Veliero Alex a Lampedusa, è scontro tra Viminale e Difesa

Politica

L’imbarcazione della Ong Mediterranea ha attraccato nell’isola dopo aver forzato il blocco. Nella notte barca sequestrata e migranti fatti sbarcare. Fonti Difesa: “Offerto supporto, no da Viminale”. La replica: “Non abbiamo rifiutato la loro collaborazione"

Il caso del veliero Alex, della Ong Mediterranea, si è sbloccato nella notte con il sequestro dell’imbarcazione e lo sbarco dei migranti a bordo (IL LIVEBLOG). Ma la vicenda ha creato anche forti polemiche interne al governo con uno scontro a distanza tra la Difesa e il Viminale. "Da giorni abbiamo offerto supporto al Viminale sulla situazione di queste ore e il Viminale lo ha respinto, in più di una occasione”, hanno detto fonti della Difesa. Immediata la replica da fonti del ministero dell’Interno secondo cui il Viminale "non ha agito da solo e non ha rifiutato la collaborazione di altri ministeri, a partire dalla Difesa, tanto che “Alex” aveva una interlocuzione aperta anche con Guardia di Finanza e Guardia Costiera". Le stesse fonti aggiungono: "Si segnala che il supporto è necessario per bloccare le navi che vogliono portare i clandestini in Italia e non per aiutarle nel trasporto" (IL DIALOGO TRA FUNZIONARI E CAPO MISSIONE MEDITERRANEA: VIDEO).

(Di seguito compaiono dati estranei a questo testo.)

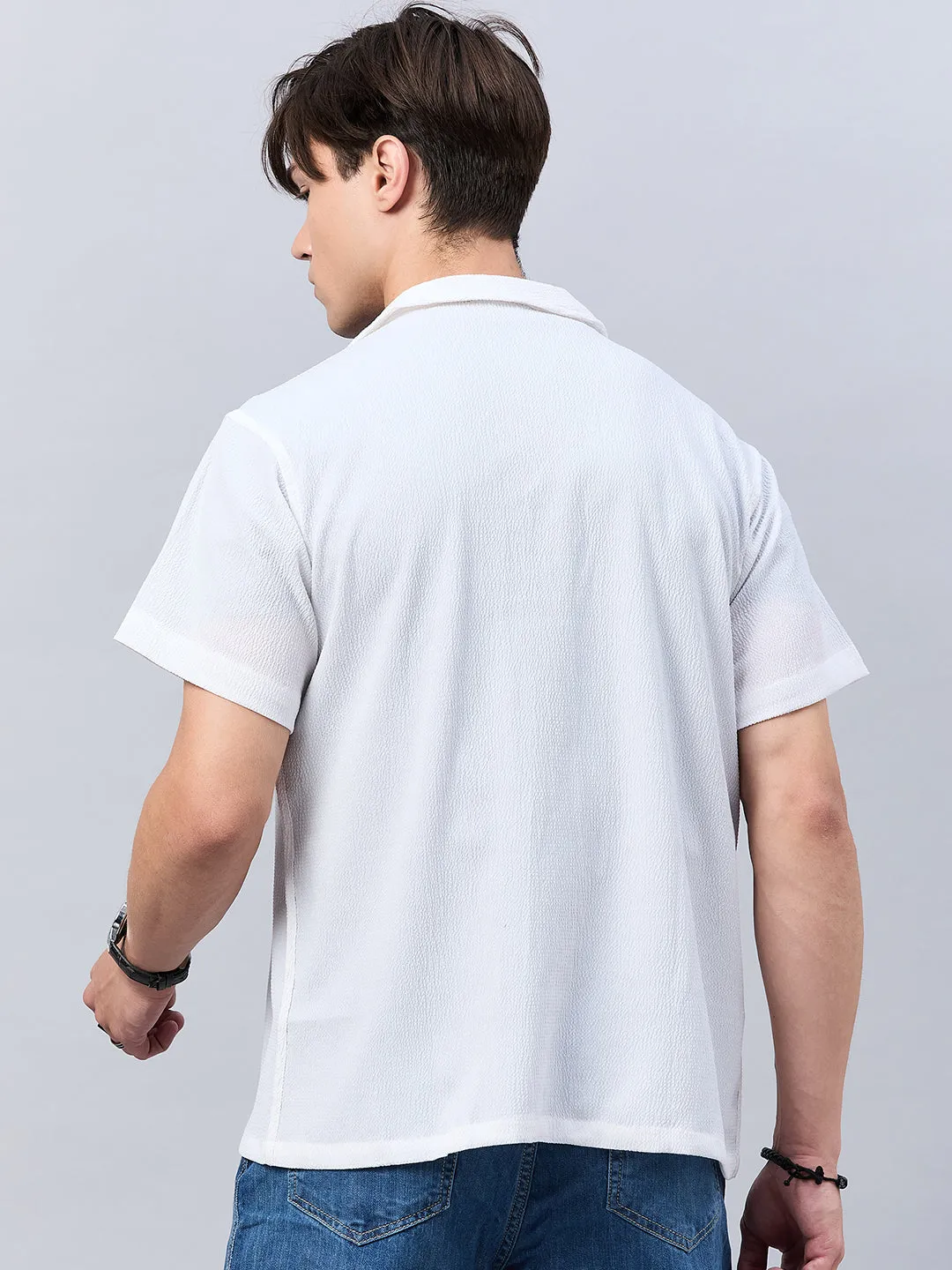 Style Quotient Men White Self Design Dropped Shoulder Shirt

Fonti Difesa: no Viminale a migranti a Malta è mistero

In particolare dal ministero della Difesa, viene contestato che “che il supporto offerto, come già specificato, riguardava il trasporto dei migranti a Malta. Se il Viminale avesse accettato, i migranti sarebbero già a Malta. È un mistero anche per noi il rifiuto espresso dal Viminale”. Dalla Difesa il monito è: “Basta attacchi ai militari. Esigiamo rispetto. Forse al Viminale non sanno come funzionano le cose, non sanno che gli Stati maggiori si relazionano con tutte le articolazioni dello Stato, incluso il Viminale stesso. Quanto riportato in queste ore ci sorprende, siamo alla mitologia”.

La vicenda della Alex

Il veliero Alex di Mediterranea Saving Humans con a bordo ancora 41 persone salvate in mare, nel pomeriggio di sabato 6 luglio ha deciso di forzare il blocco imposto dalle autorità italiane e ha attraccato a Lampedusa. Salvini non ha autorizzato dicendo: "Le Forze dell'ordine sono pronte ad intervenire, vediamo se anche in questo caso la 'giustizia' tollererà l'illegalità: in un Paese normale arresti e sequestro della nave sarebbero immediati. La nave dei centri sociali, che a quest'ora sarebbe già arrivata a Malta che aveva dato la disponibilità di un porto sicuro, infrange la legge, ignora i divieti ed entra in acque italiane. Questi non sono 'salvatori', questi sono complici dei trafficanti di esseri umani”. Poi nella notte la svolta: la “Alex” è stata sequestrata penalmente su iniziativa dalla Guardia di Finanza, il capitano indagato per favoreggiamento dell'immigrazione clandestina. Per effetto del sequestro, i migranti a bordo del veliero sono tutti fatti sbarcati a Lampedusa.